# DIRECTIONS FOR THIS TASK
If a record holds a picture, leave the picture out and repeat everything else exactly.
──────────────────────────────
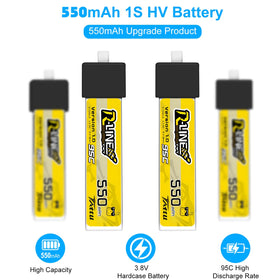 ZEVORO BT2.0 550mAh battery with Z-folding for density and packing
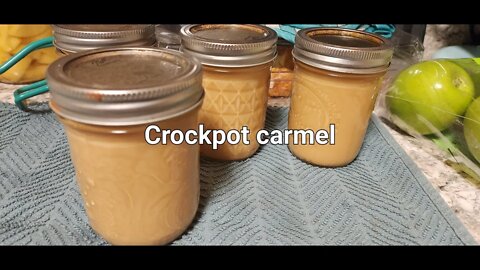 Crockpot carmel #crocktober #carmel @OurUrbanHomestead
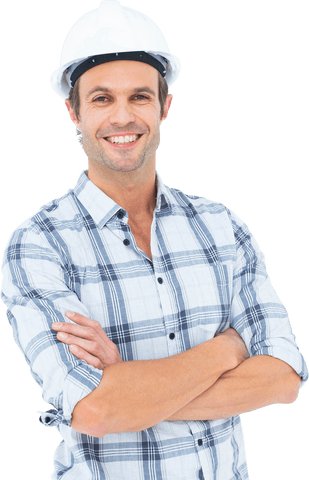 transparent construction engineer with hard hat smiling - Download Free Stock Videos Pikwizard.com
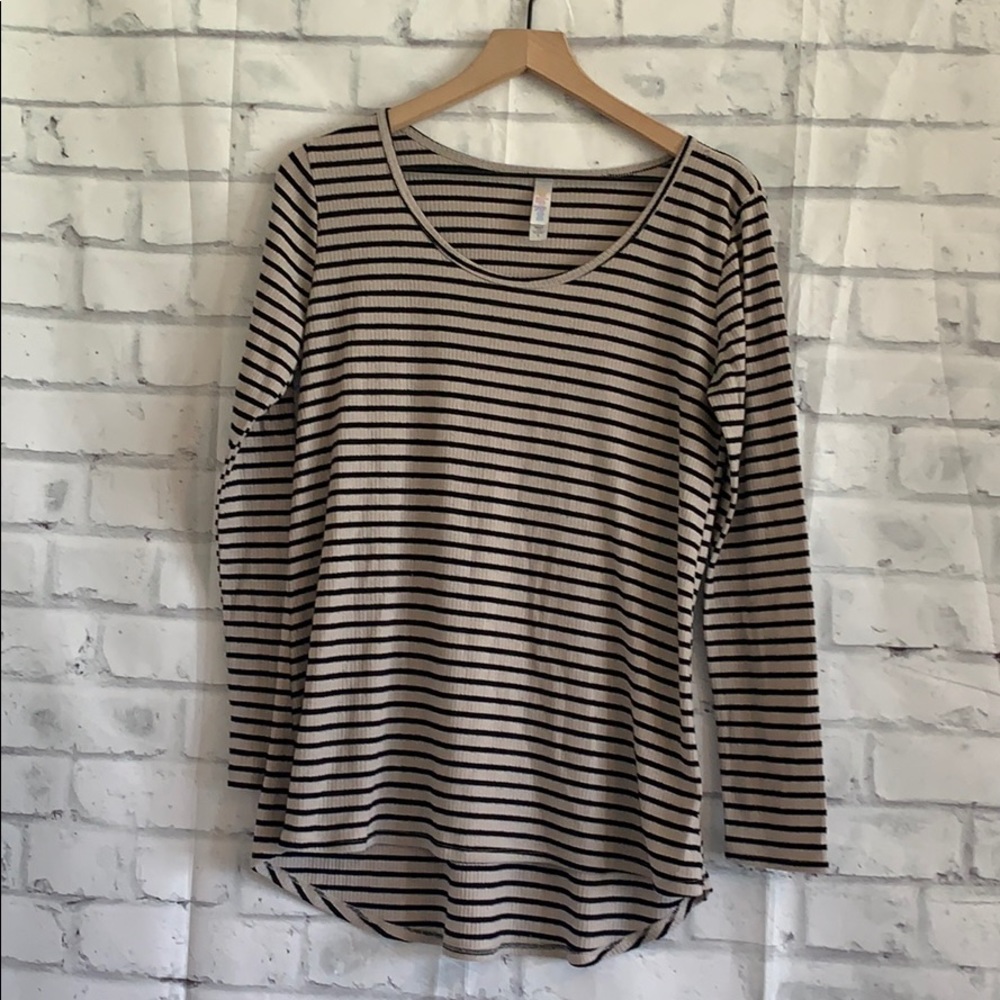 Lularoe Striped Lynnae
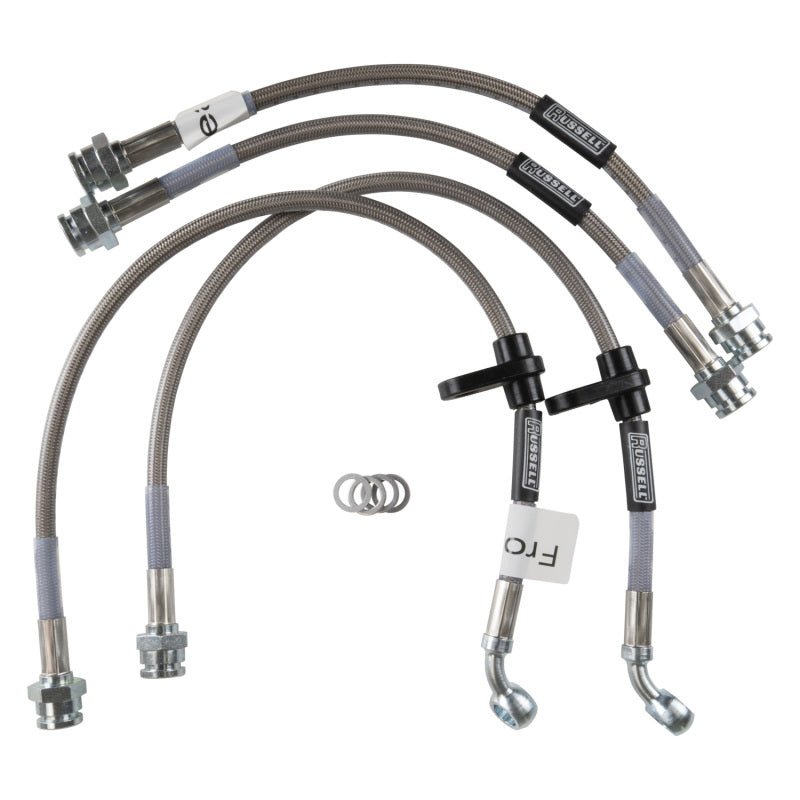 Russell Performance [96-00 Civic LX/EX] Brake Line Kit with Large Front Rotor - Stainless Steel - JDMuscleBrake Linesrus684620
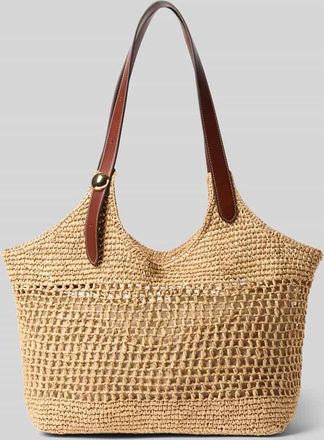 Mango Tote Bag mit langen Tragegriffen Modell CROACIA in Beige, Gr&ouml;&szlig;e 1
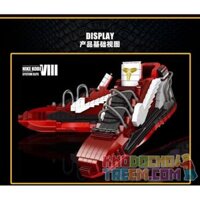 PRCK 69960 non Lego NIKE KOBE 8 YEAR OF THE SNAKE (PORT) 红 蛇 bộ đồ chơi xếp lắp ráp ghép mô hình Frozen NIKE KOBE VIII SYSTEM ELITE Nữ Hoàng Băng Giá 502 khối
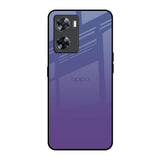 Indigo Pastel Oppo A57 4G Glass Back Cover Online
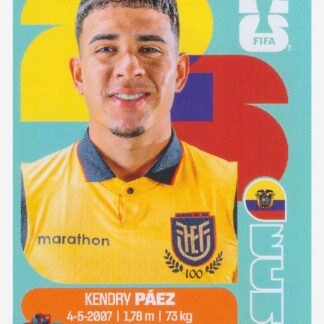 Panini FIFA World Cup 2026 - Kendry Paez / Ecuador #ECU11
──────────────────────────────
# SOLUTION TO THIS PROBLEM
 ZEVORO BT2.0 550mAh battery with Z-folding for density and packing
 Crockpot carmel #crocktober #carmel @OurUrbanHomestead
 transparent construction engineer with hard hat smiling - Download Free Stock Videos Pikwizard.com
 Lularoe Striped Lynnae
 Russell Performance [96-00 Civic LX/EX] Brake Line Kit with Large Front Rotor - Stainless Steel - JDMuscleBrake Linesrus684620
 Mango Tote Bag mit langen Tragegriffen Modell CROACIA in Beige, Gr&ouml;&szlig;e 1
 PRCK 69960 non Lego NIKE KOBE 8 YEAR OF THE SNAKE (PORT) 红 蛇 bộ đồ chơi xếp lắp ráp ghép mô hình Frozen NIKE KOBE VIII SYSTEM ELITE Nữ Hoàng Băng Giá 502 khối
 Indigo Pastel Oppo A57 4G Glass Back Cover Online
 Panini FIFA World Cup 2026 - Kendry Paez / Ecuador #ECU11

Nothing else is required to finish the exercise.